Dorothy Ellen Coggins was born in 1913 in Ashmore, Digby County. Her mother was a school teacher and her father was a fisherman. Her early education was in a two room schoolhouse where she obtained a provincial Grade 11 diploma. She stated that she always wanted to be a nurse so after high school she applied to and was accepted in the Yarmouth Training School for Nurses, fifty miles away from her home.   


Preparations for leaving home and becoming a student nurse

The requirements for entrance to the school was a Grade 10 high school certificate, a short resume stating why she chose nursing as a profession, and a doctor's certificate.


Prospective students had to provide their own chest x-rays for which there was a cost, buy their own black shoes, stockings, all their text books plus the uniform material. Her mother used the material sent to her with a pattern to make her uniforms. "They were a navy or a dark blue chambray, white cuffs and of course, later on, we had hard collars- white hard collars". The skirt of the uniform had to be 11 inches from the floor and the apron had to be 2 inches below the uniform dress.


"My family provided this for me but again, I was the oldest of the family and with others coming along often I really felt rather badly about accepting this because I thought it was a sacrifice on their part".


The life of a student nurse

Dorothy Coggins arrived by train on September 4, 1931, accompanied by her trunk, at the nurses' residence on Vancouver St. and was met by a senior student at the door. The 'Home Mother' kept a strict house with great authoritarian power which she wielded whenever she thought necessary. Students had to obey the rules or suffer the consequences. The regulations were often difficult to live with; for example, students could not leave their rooms after 8 p.m. during the six-month probationary period, after which it was 10 p.m. There was little rebelling for fear of being sent home.

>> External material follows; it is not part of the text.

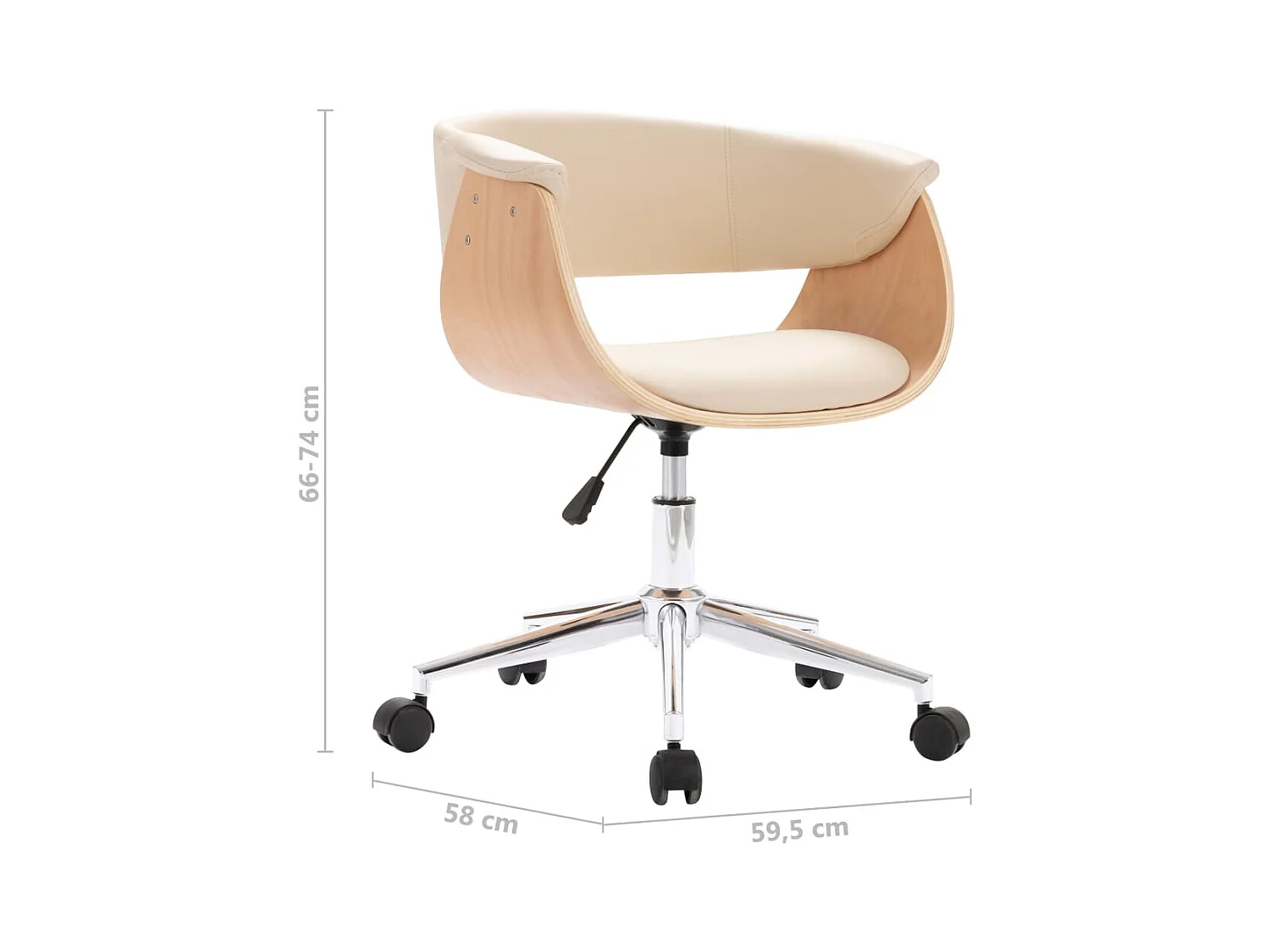 Chaise pivotante de bureau Crème Bois courbé et similicuir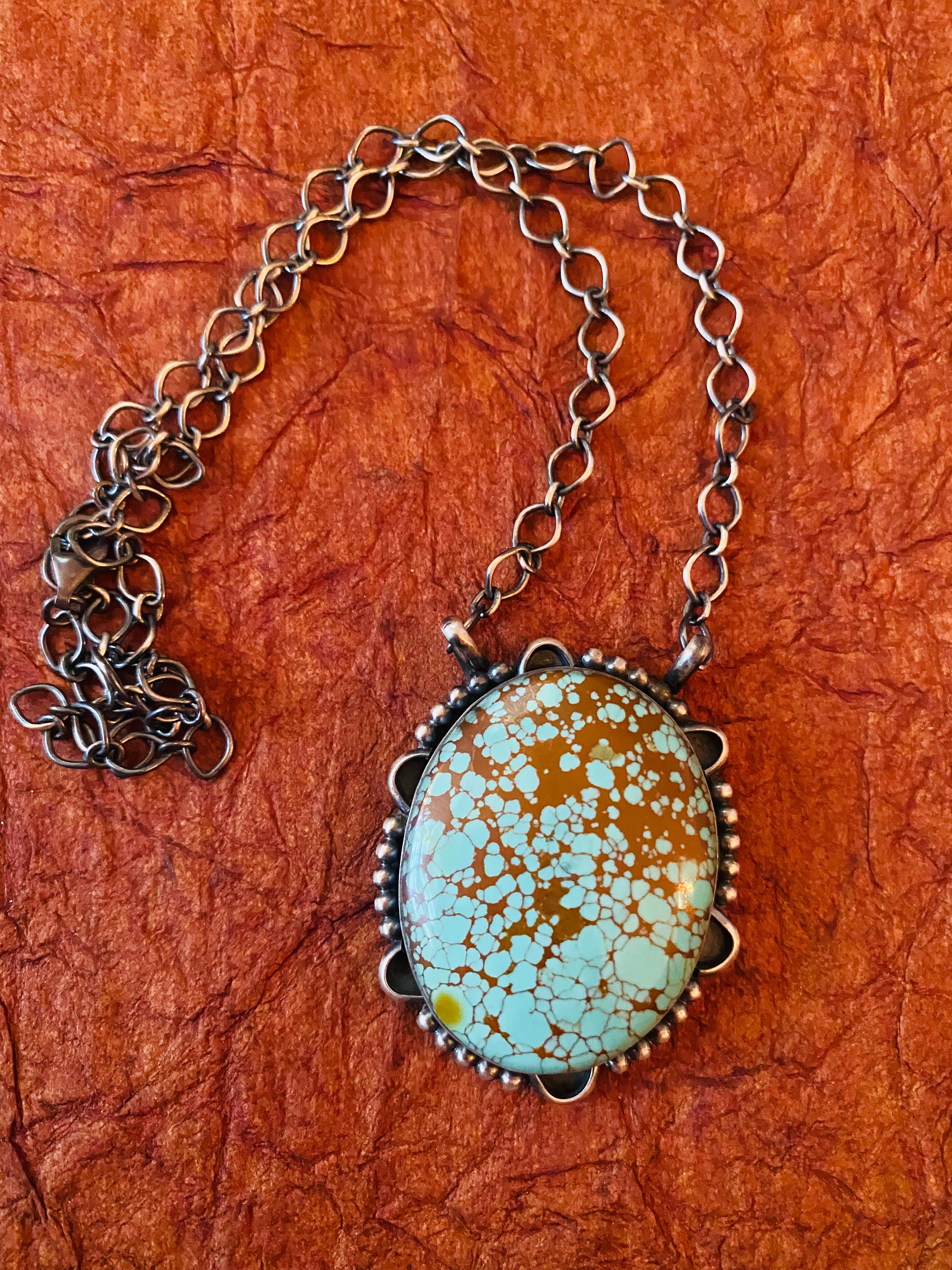 Navajo Sterling Silver & Number 8 Turquoise Necklace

Miss Coggins' class consisted of eight students. However, only four graduated:

" was 'let go'. In those days it was for mere trifles really. One failed her exams. Another, her attitude wasn't that required of a nurse".  It is assumed, but not known, that the fourth left of her own accord.

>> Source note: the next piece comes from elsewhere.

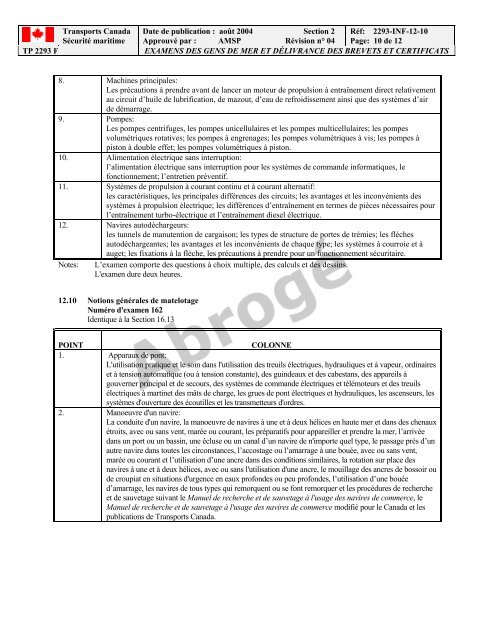 TP 2293F EXAMENS DES GENS DE MER ET ... - Transport Canada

The hierarchy among the students was overt. Juniors feared the seniors and 'probies' (the most junior who had only been 'in training' for 6 months) were the least powerful of the lot. Junior students were expected to stand for seniors and even allow them on an elevator before them. A militaristic atmosphere shaped the milieu.

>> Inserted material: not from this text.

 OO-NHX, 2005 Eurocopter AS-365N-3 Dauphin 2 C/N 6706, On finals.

" of the duties we had as a probationer that terrified me---we had to take our turn calling the other nurses. We were called on the phone at six o'clock. We had to answer the phone, make sure we had heard it and were awake. We had to go about, close the windows, turn on the heat, because we had to turn the heat off during the winter. In those days, again, this would be economic--because of the economic situation, turn on the heat, call the nurses...we would be blamed if they overslept".


The life of a 'probie' was a difficult one, without power and exploitable. During what was called Duty Week they were expected to walk over half a mile, often on sidewalks which were not ploughed in winter to take the mail to the post office and later to collect it again. This continued until the next class came in for which they were grateful.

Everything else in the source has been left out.